Di sisi lain tumbuh subur politik dinasti, politik identitas, politik belah bambu, money politic (termasuk mahar politik) untuk membeli suara rakyat agar memilih calon tertentu degan imbalan sejumlah uang. Koncoisme pun meraja lela tanpa tedeng aling-aling, sehingga yang terpilih adalah yang membayar, bukan yang memiliki kualitas dan integritas yang andal. Otonomi daerah belum dapat mensejahterakan rakyat di daerah bahkan sebaliknya korupsi meraja lela.
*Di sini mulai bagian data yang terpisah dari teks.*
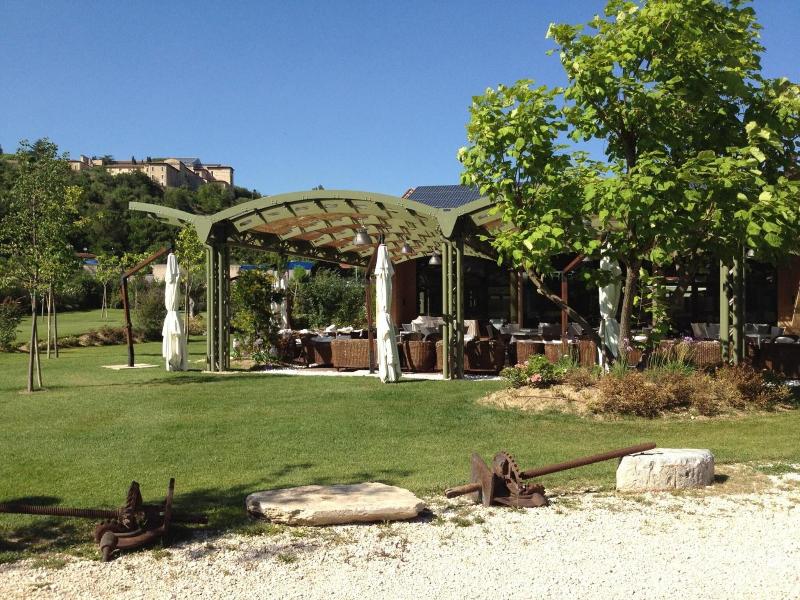 Relais Magione Papale - Genel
Berdasarkan data Komisi Pemberantasan Korupsi (KPK) sebanyak 176 pejabat daerah terjerat kasus korupsi sepanjang periode 2004-2022. Rinciannya, terdapat 22 gubernur dan 154 walikota/bupati dan wakil yang juga berurusan dengan KPK. Baru-baru ini seorang Menteri dan semua anggota DPRD di Bolaang Mangondo Sulawesi Utara menjadi tersangka.
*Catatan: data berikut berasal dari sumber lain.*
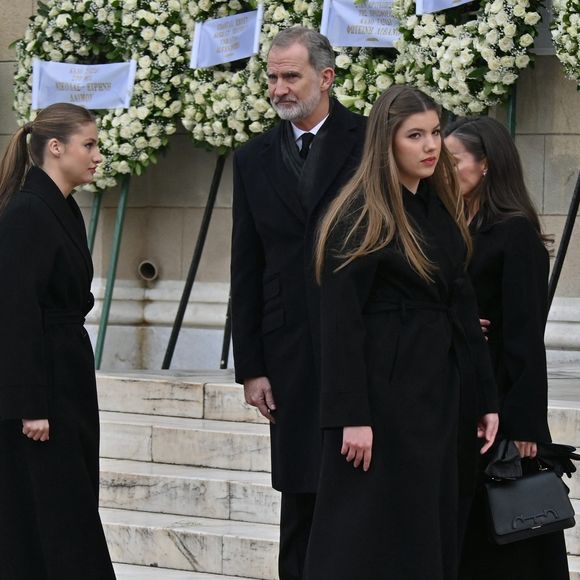 Athènes, GRÈCE La famille royale espagnole arrive à l'église métropolitaine d'Athènes pour les funérailles des Princes Irène de Grèce et du Danemark.



Sur la photo : Le roi Felipe VI d'Espagne, la reine Letizia d'Espagne, Leonor, princesse des Asturies, l'infante Sofia d'Espagne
     Tantangan terbesar ke depan menurut Andi Widjayanto Gubernur Lemhannas R.I,  sebagaimana terdapat dalam laman lemhannas adalah politik identitas, misinformasi yang terkait dengan hoaks dan hate speech. Solusinya  diperlukan regulasi yang tegas yang tidak menabrak prinsip-prinsip demokrasi tentang kebebasan berpendapat; literasi digital menjadi kunci bagi Indonesia untuk melakukan mitigasi eskalasi politik yang terkait dengan identitas, misinformasi, ujaran kebencian (hate speech) di tahun politik 2023 menuju pemilu 2024, dan memperkuat konsolidasi demokrasi, sehingga demokrasi Indonesia bisa semakin matang menuju Pemilu 2024 di tengah kecenderungan regresi demokrasi ini.  Sementara itu, data Economist Intelligence Unit (EIU) menunjukkan Indeks Demokrasi Indonesia tahun 2022 sebesar 6,71 poin turun ke peringkat ke-54 dunia masuk pada kategori demokrasi cacat (flawed democracies).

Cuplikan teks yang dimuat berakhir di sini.